:: Supplied information ::

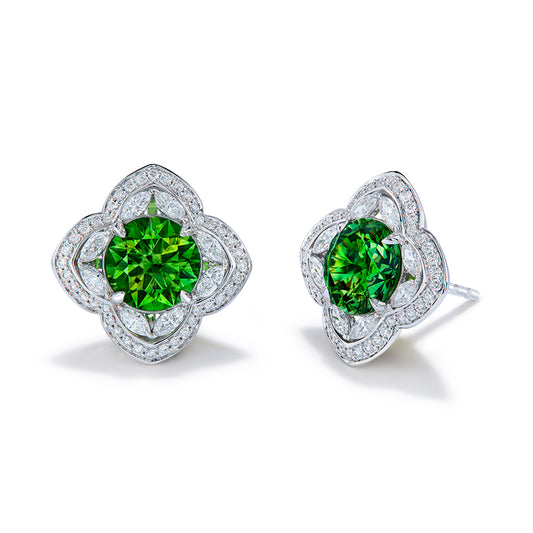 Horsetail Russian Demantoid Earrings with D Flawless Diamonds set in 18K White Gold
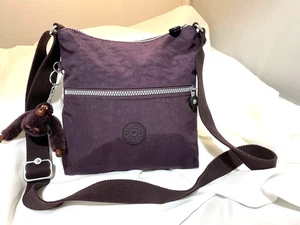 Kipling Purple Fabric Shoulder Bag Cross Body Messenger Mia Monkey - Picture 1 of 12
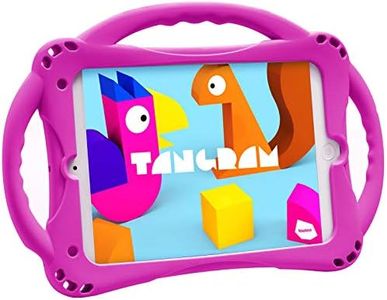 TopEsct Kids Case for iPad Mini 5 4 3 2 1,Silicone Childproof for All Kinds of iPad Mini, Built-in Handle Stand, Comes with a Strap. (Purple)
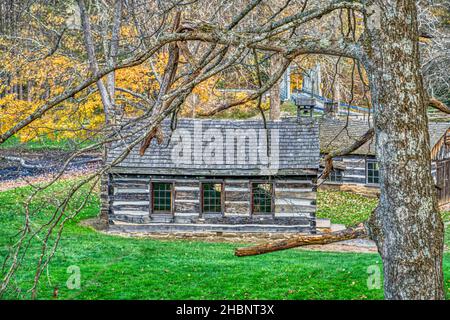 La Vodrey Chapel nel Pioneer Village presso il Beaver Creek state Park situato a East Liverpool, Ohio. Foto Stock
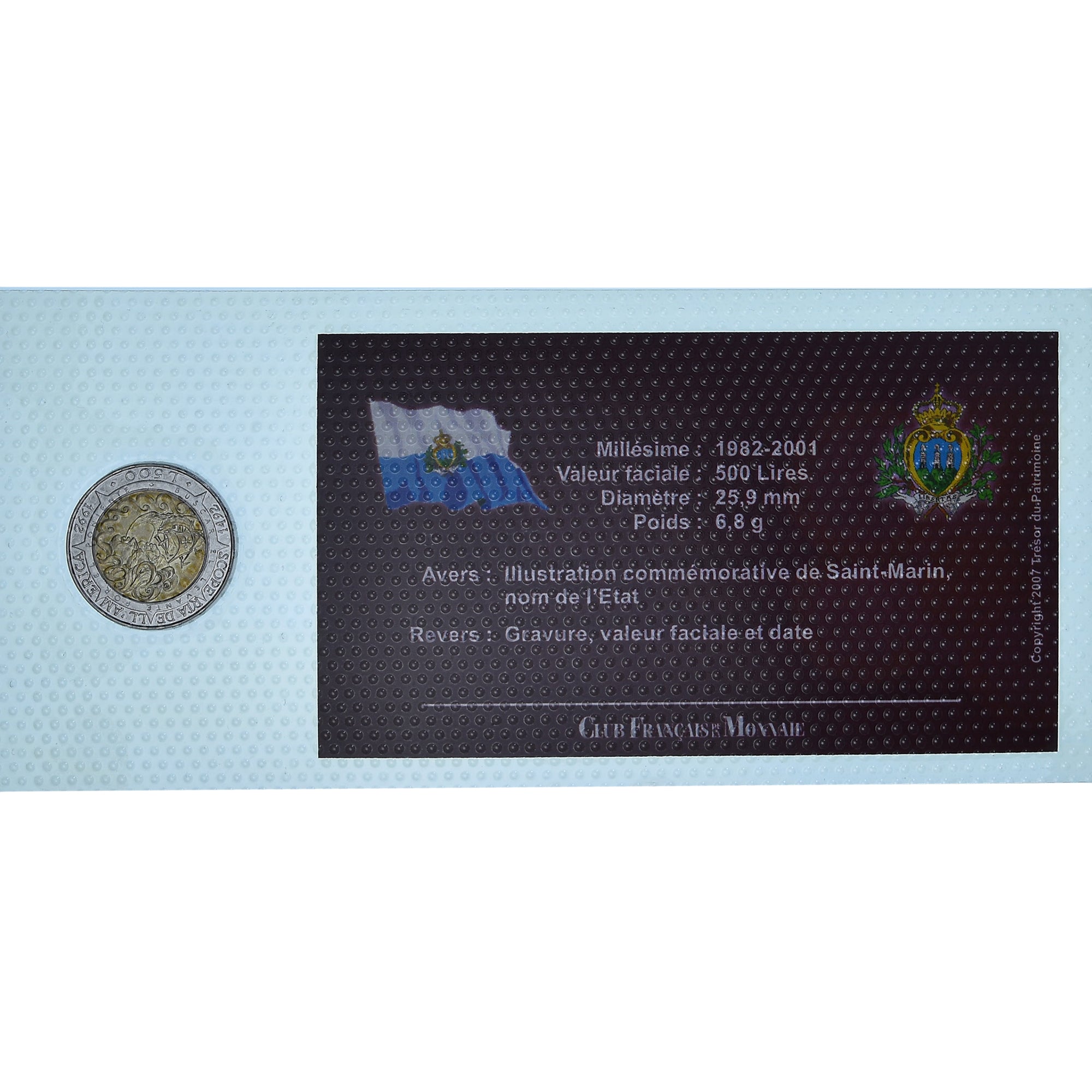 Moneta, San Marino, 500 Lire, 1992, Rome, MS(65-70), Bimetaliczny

:::
:: Supplied information ::

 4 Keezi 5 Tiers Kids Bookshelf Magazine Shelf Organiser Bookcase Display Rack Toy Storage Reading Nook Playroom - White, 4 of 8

:::

• Problem requirements
Leaving out the pictures, please output the lines in the entries above from the one with "TopEsct Kids Case" through the one with "Moneta, San Marino, 500", exactly as they are.

• Solution below
 TopEsct Kids Case for iPad Mini 5 4 3 2 1,Silicone Childproof for All Kinds of iPad Mini, Built-in Handle Stand, Comes with a Strap. (Purple)
 La Vodrey Chapel nel Pioneer Village presso il Beaver Creek state Park situato a East Liverpool, Ohio. Foto Stock
 Moneta, San Marino, 500 Lire, 1992, Rome, MS(65-70), Bimetaliczny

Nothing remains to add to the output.